# Exercise aim
Find the line that holds "In this tutorial" in the material below. Output that line and each one after it exactly, but not the pictures.

# Available data
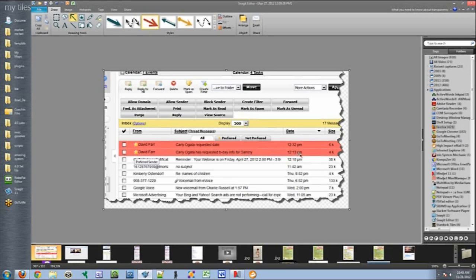And literally, 17 minutes later, she requested the booking. She basically read the whole e-promo kit, watched my videos, completely sold herself, really. I mean, I wasn't there.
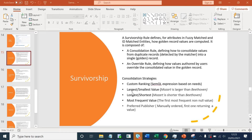For example, if we pick the largest consolidation strategy, Mozart is larger than Beethoven simply because M comes after B in alphabetical order. And if we talk about longest or shortest, then Mozart is shorter than Beethoven simply because the characters in Mozart are fewer than in Beethoven.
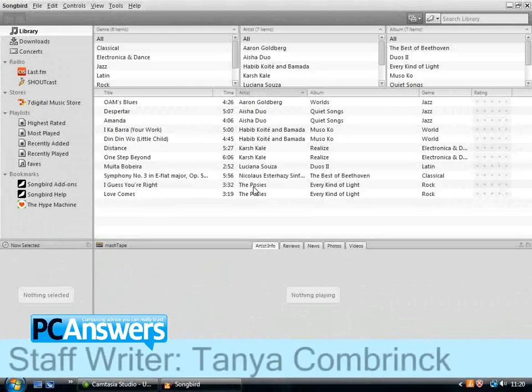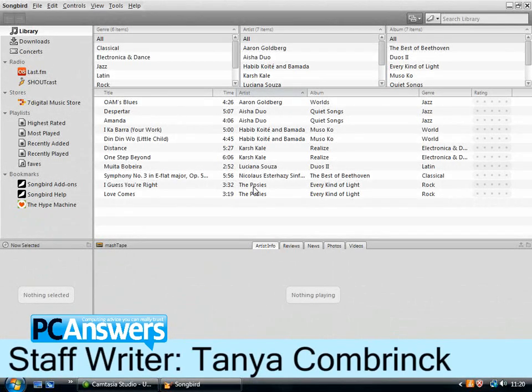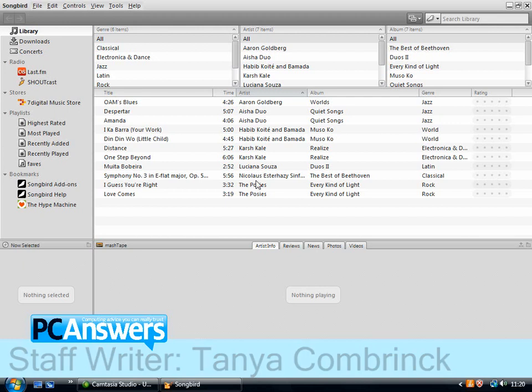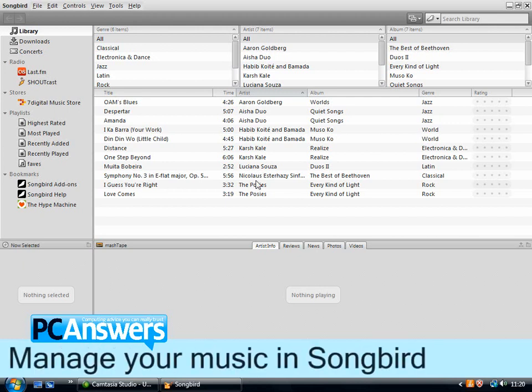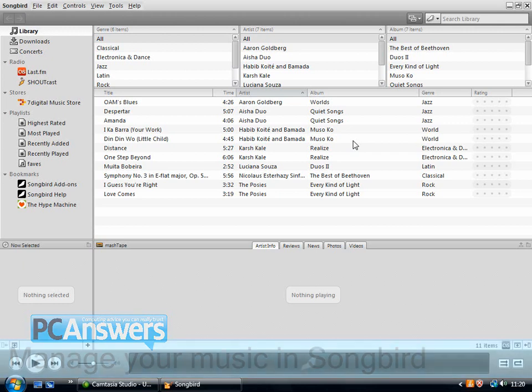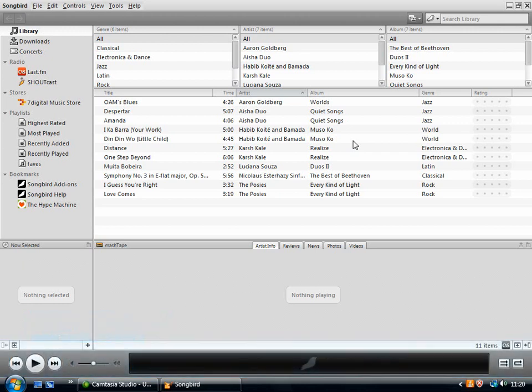In this tutorial I'm going to show you how to use the music player Songbird. Songbird is a program that acts as a kind of hub for various online music services, as well as a player for the music that you have installed on your computer.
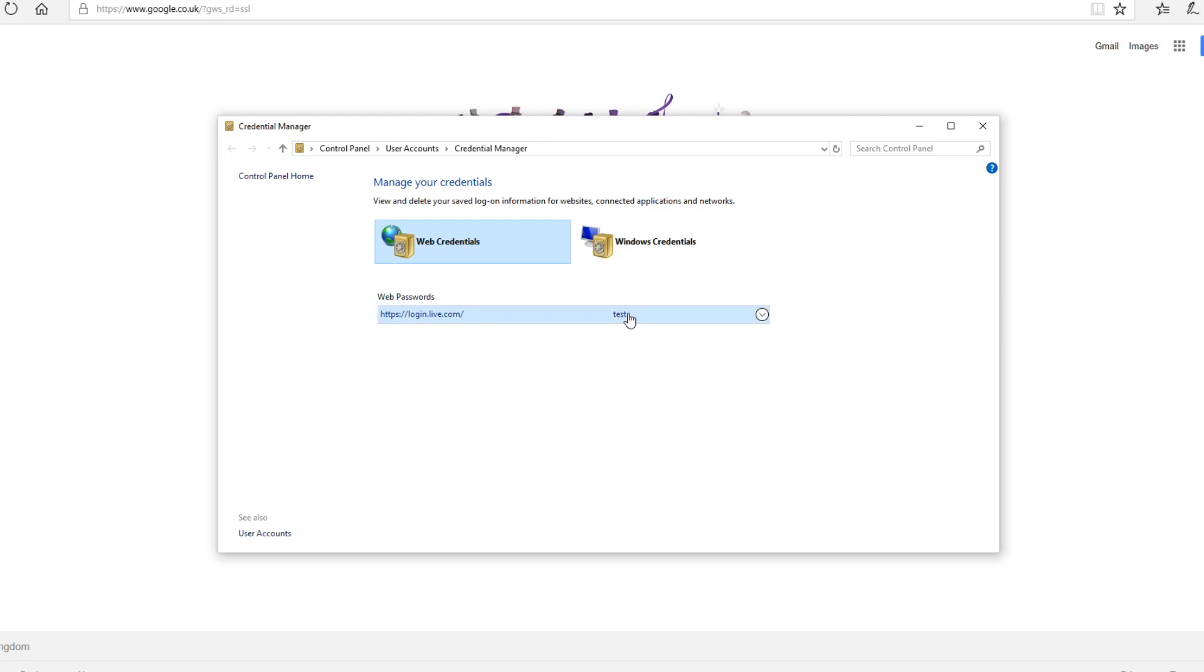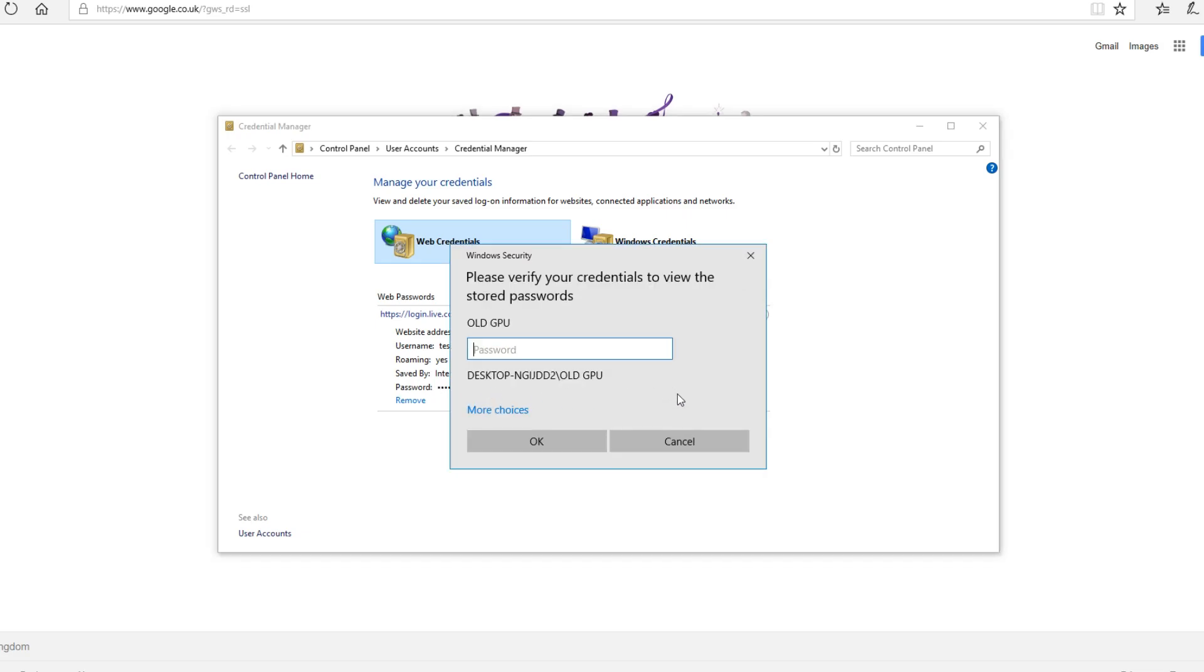If you click the down arrow you can click show next to passwords. You do need to have a password set onto your Windows user account, otherwise you will not be able to view the password.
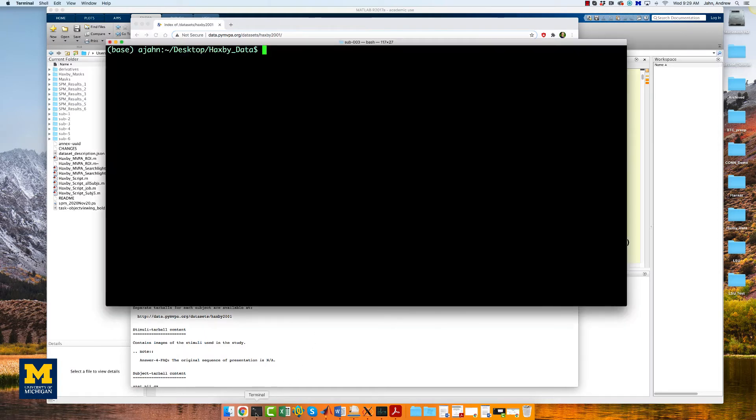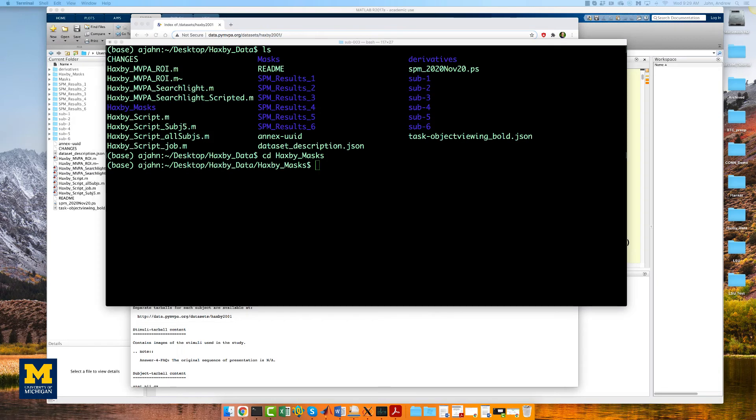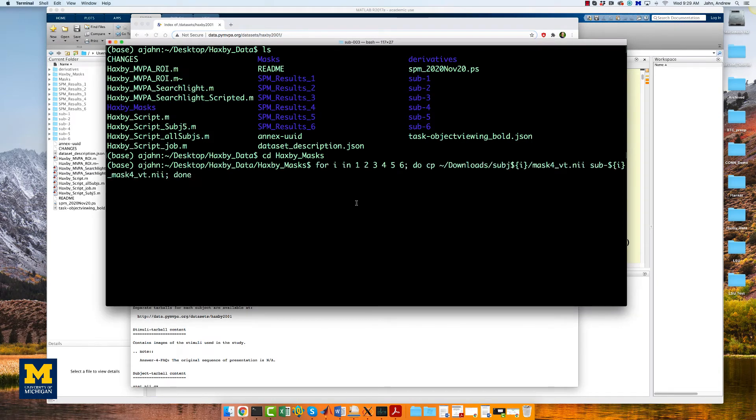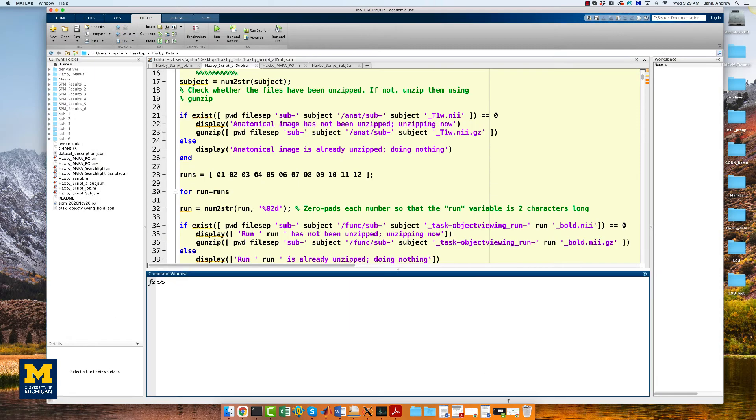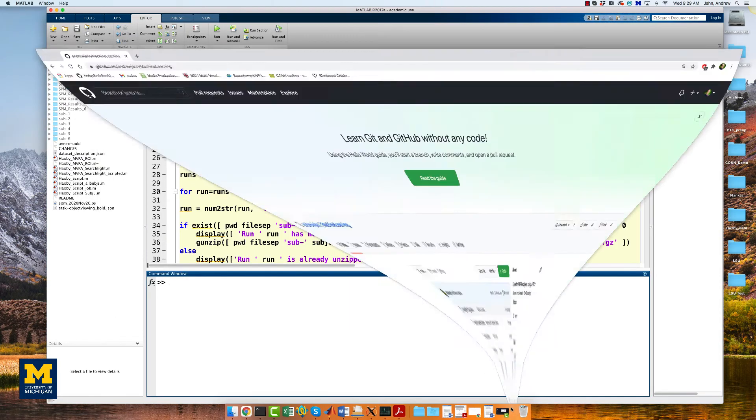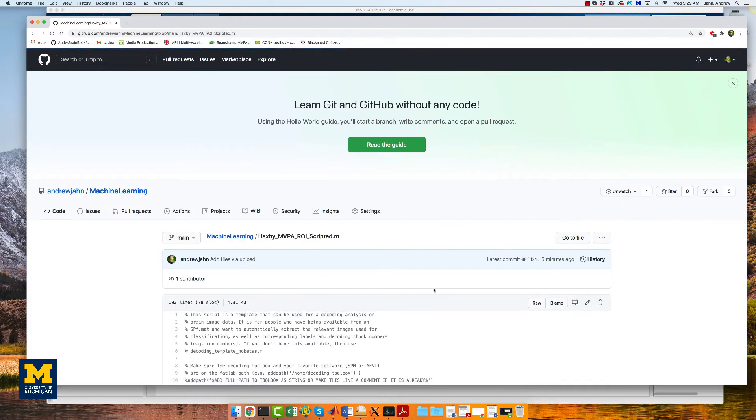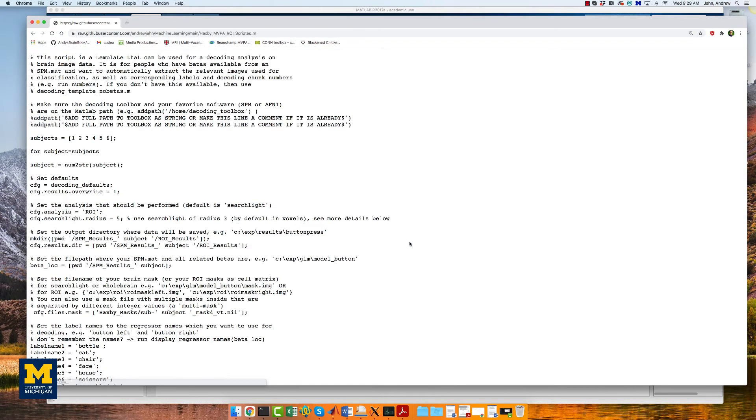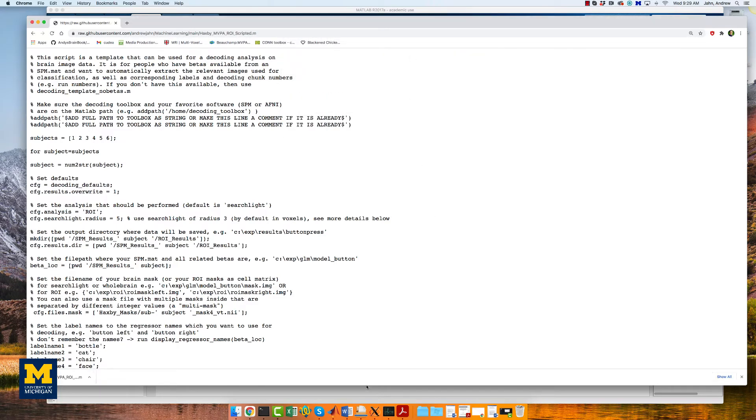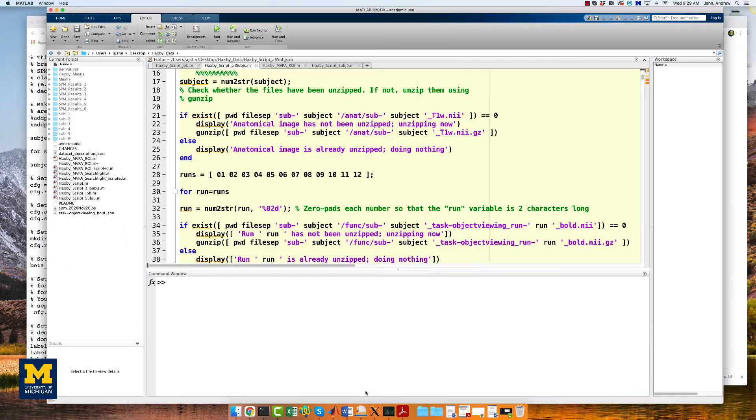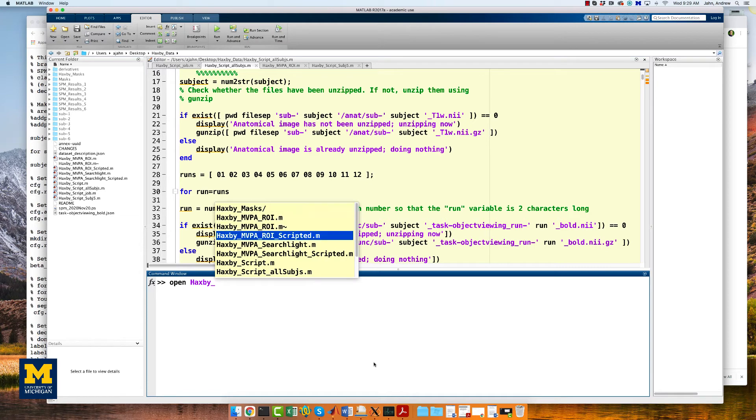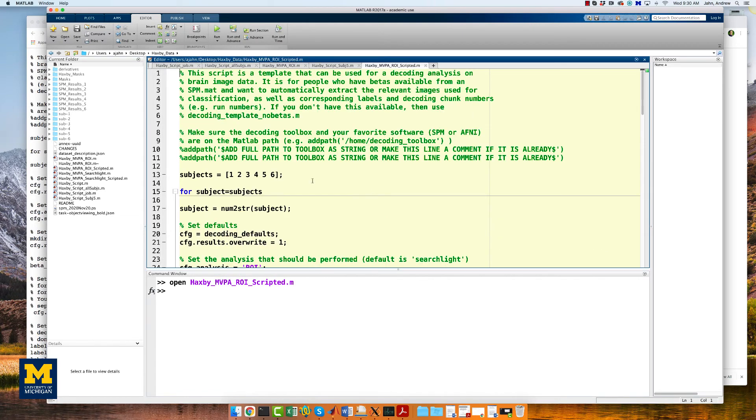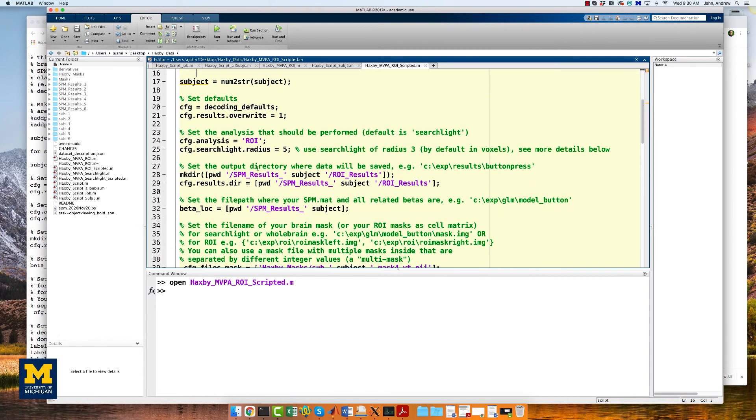Once you've done that, open up a terminal and copy and paste the code in the more info box down below. Go into the Haxby masks folder, then copy and paste the for loop, which will put each subject's mask within that folder and label it according to the subject number. When that's done, go back to the GitHub page and download the file Haxby MVPA ROI scripted and save it to the Haxby data directory. When it's downloaded, go to the MATLAB terminal and open up the file.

# Worked solution
In this tutorial I'm going to show you how to use the music player Songbird. Songbird is a program that acts as a kind of hub for various online music services, as well as a player for the music that you have installed on your computer.
If you click the down arrow you can click show next to passwords. You do need to have a password set onto your Windows user account, otherwise you will not be able to view the password.
Once you've done that, open up a terminal and copy and paste the code in the more info box down below. Go into the Haxby masks folder, then copy and paste the for loop, which will put each subject's mask within that folder and label it according to the subject number. When that's done, go back to the GitHub page and download the file Haxby MVPA ROI scripted and save it to the Haxby data directory. When it's downloaded, go to the MATLAB terminal and open up the file.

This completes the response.